**What you have to do:** The records are to be copied from the line that contains "Used 2017 GMC Yukon SLT image 7" through their last line, word for word, with every picture left out.

**Records provided:**

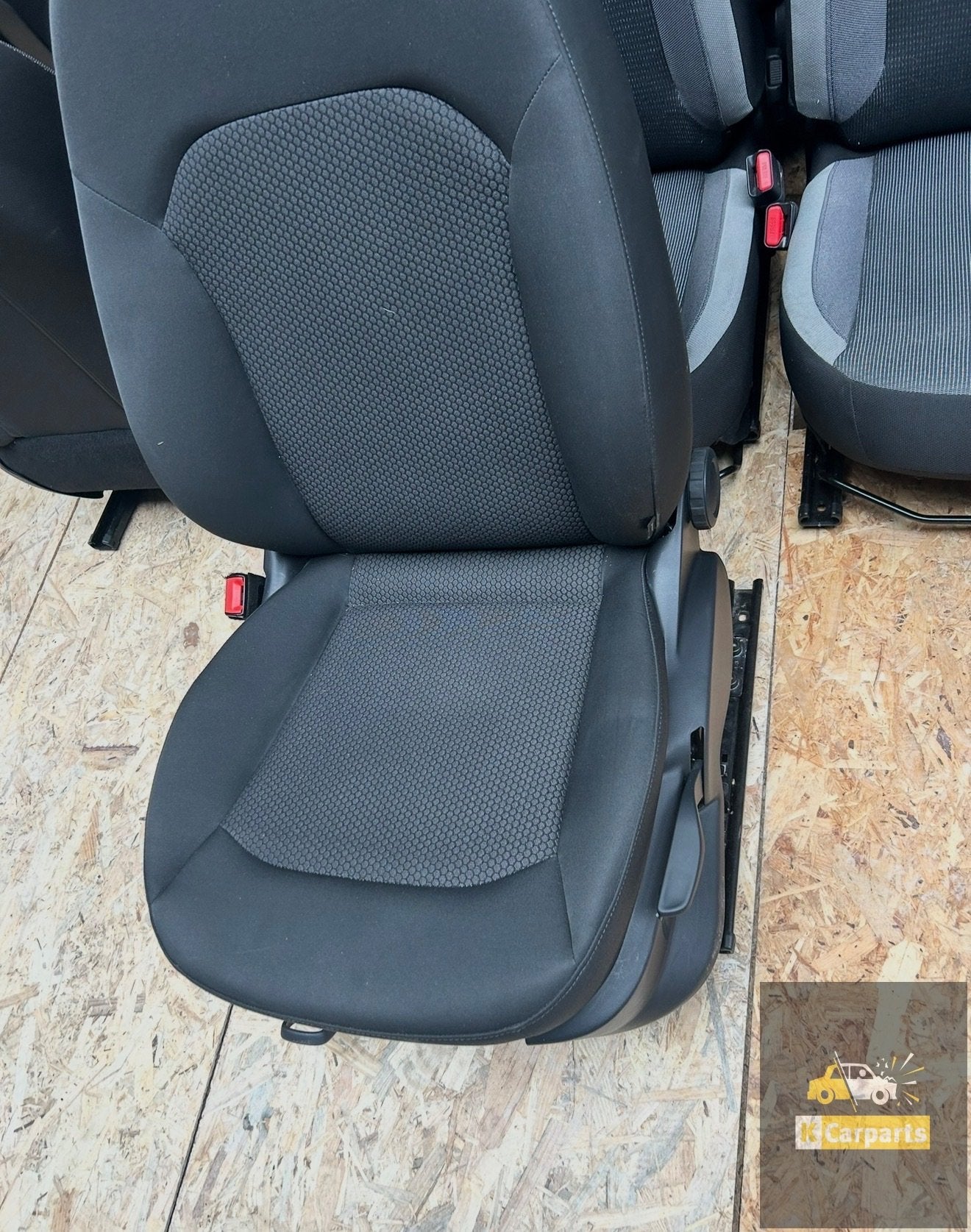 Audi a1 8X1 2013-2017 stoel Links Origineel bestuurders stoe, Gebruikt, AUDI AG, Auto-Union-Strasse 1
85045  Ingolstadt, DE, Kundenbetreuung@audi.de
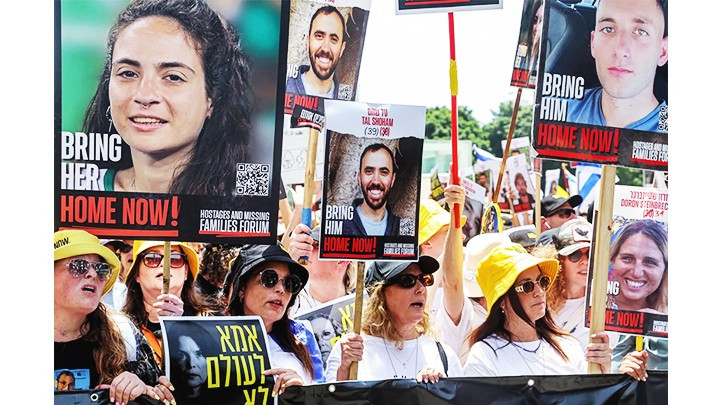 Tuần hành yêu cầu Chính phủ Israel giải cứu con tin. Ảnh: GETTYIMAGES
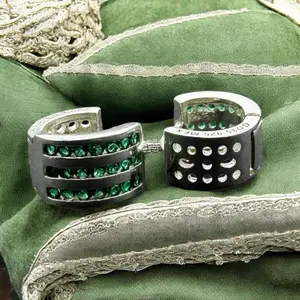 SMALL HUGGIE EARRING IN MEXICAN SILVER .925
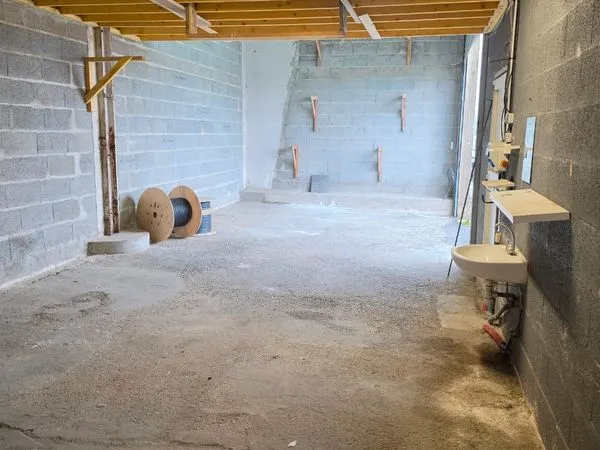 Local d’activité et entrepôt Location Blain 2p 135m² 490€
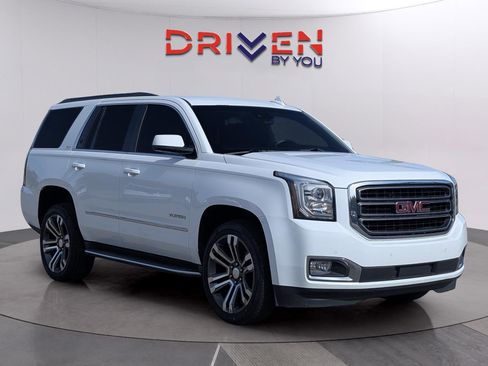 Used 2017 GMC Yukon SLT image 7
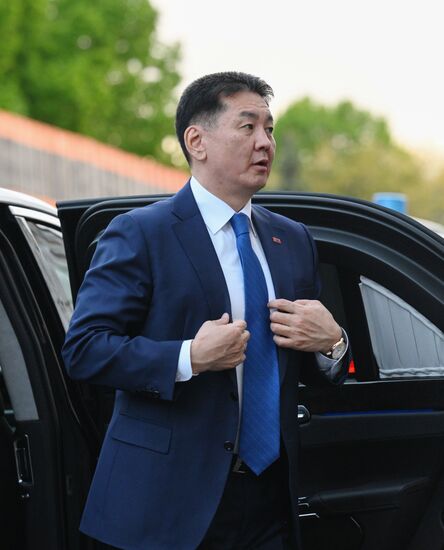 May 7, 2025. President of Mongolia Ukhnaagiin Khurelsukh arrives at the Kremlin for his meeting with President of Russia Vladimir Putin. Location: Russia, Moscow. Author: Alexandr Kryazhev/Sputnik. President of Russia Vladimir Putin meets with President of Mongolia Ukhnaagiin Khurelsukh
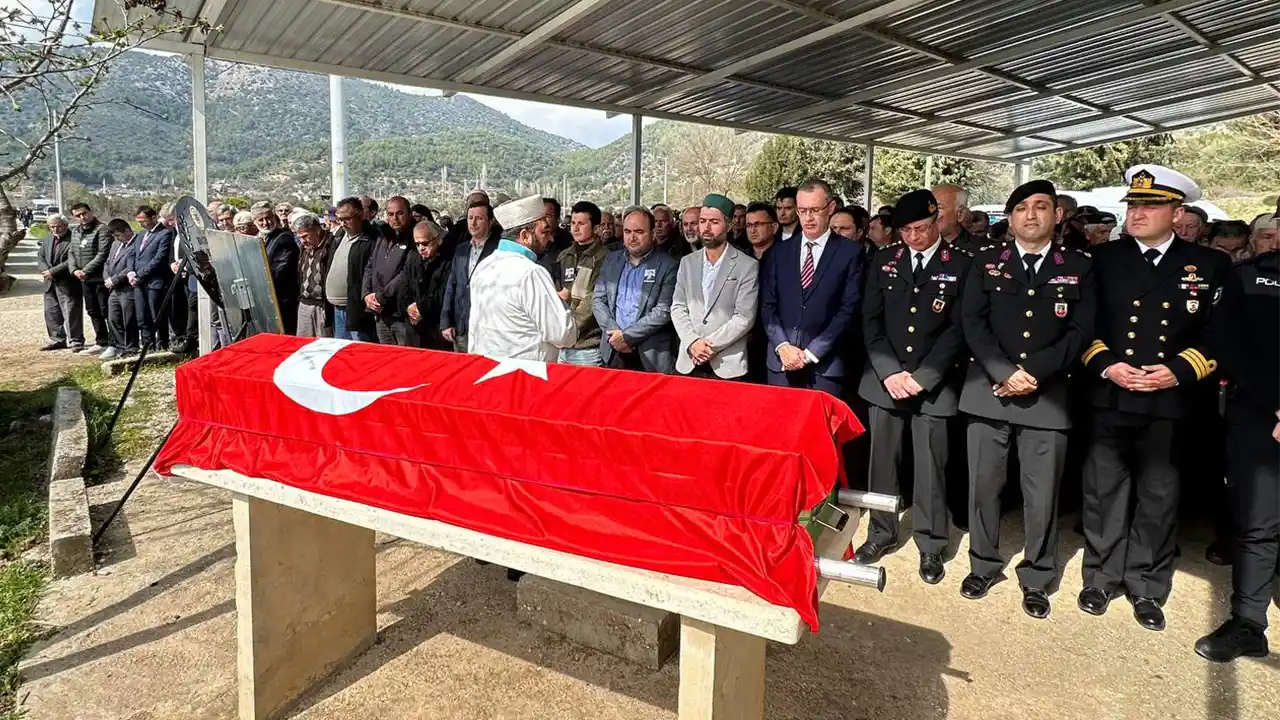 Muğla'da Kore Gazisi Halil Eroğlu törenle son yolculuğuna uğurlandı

**Answer space:**
 Used 2017 GMC Yukon SLT image 7
 May 7, 2025. President of Mongolia Ukhnaagiin Khurelsukh arrives at the Kremlin for his meeting with President of Russia Vladimir Putin. Location: Russia, Moscow. Author: Alexandr Kryazhev/Sputnik. President of Russia Vladimir Putin meets with President of Mongolia Ukhnaagiin Khurelsukh
 Muğla'da Kore Gazisi Halil Eroğlu törenle son yolculuğuna uğurlandı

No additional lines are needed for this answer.